> WHAT THIS TASK INVOLVES:
The entries below should be quoted exactly, with no pictures carried over.

(Scraped caption text data)
★ ★ ★

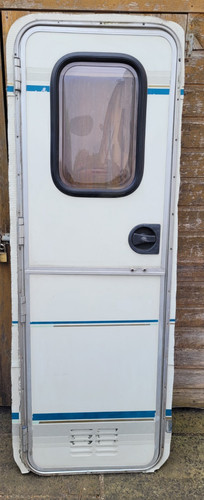 Caravan full size main stable - full,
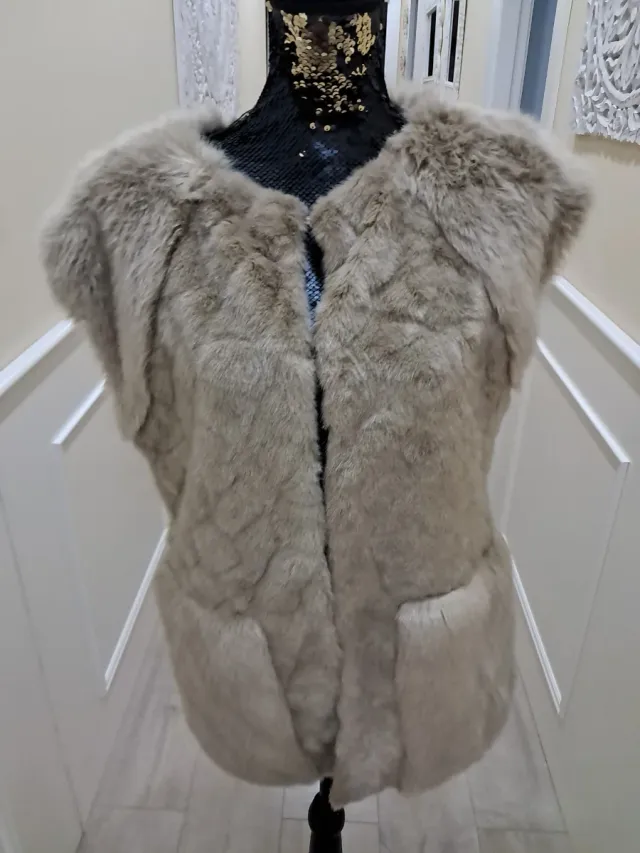 Chaleco de pelo beige/marrón 
Abrigo Elogy talla L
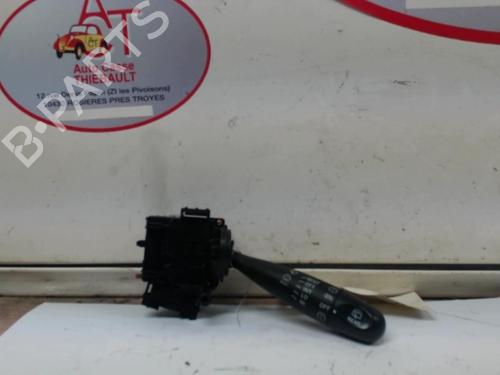 Used Switch TOYOTA YARIS (_P1_) 1.4 D-4D (NLP10_, NLP10R) (75 hp) 13263646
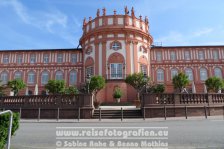 Rheinradweg | Deutschland | Hessen | Wiesbaden | Schloss Biebrich |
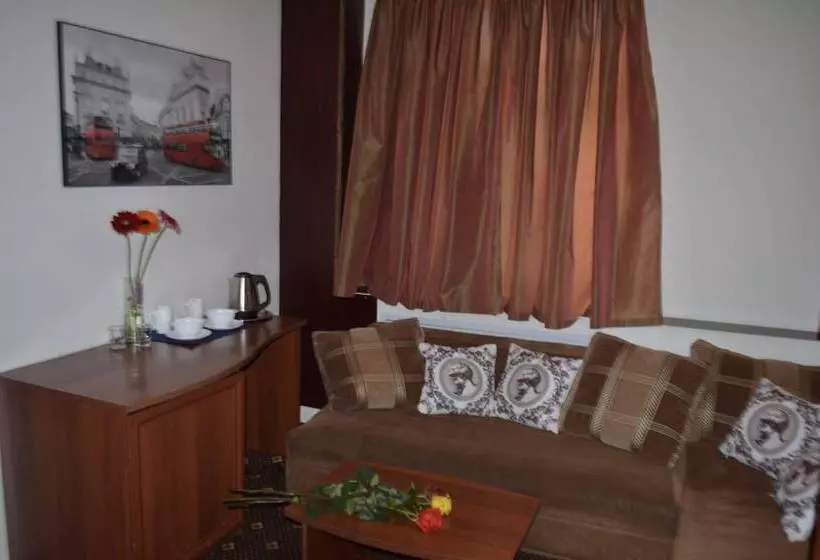 Hotelli Apartments On Maly Karetny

★ ★ ★

> RESPONSE TO THE TASK:
 Caravan full size main stable - full,
 Chaleco de pelo beige/marrón 
Abrigo Elogy talla L
 Used Switch TOYOTA YARIS (_P1_) 1.4 D-4D (NLP10_, NLP10R) (75 hp) 13263646
 Rheinradweg | Deutschland | Hessen | Wiesbaden | Schloss Biebrich |
 Hotelli Apartments On Maly Karetny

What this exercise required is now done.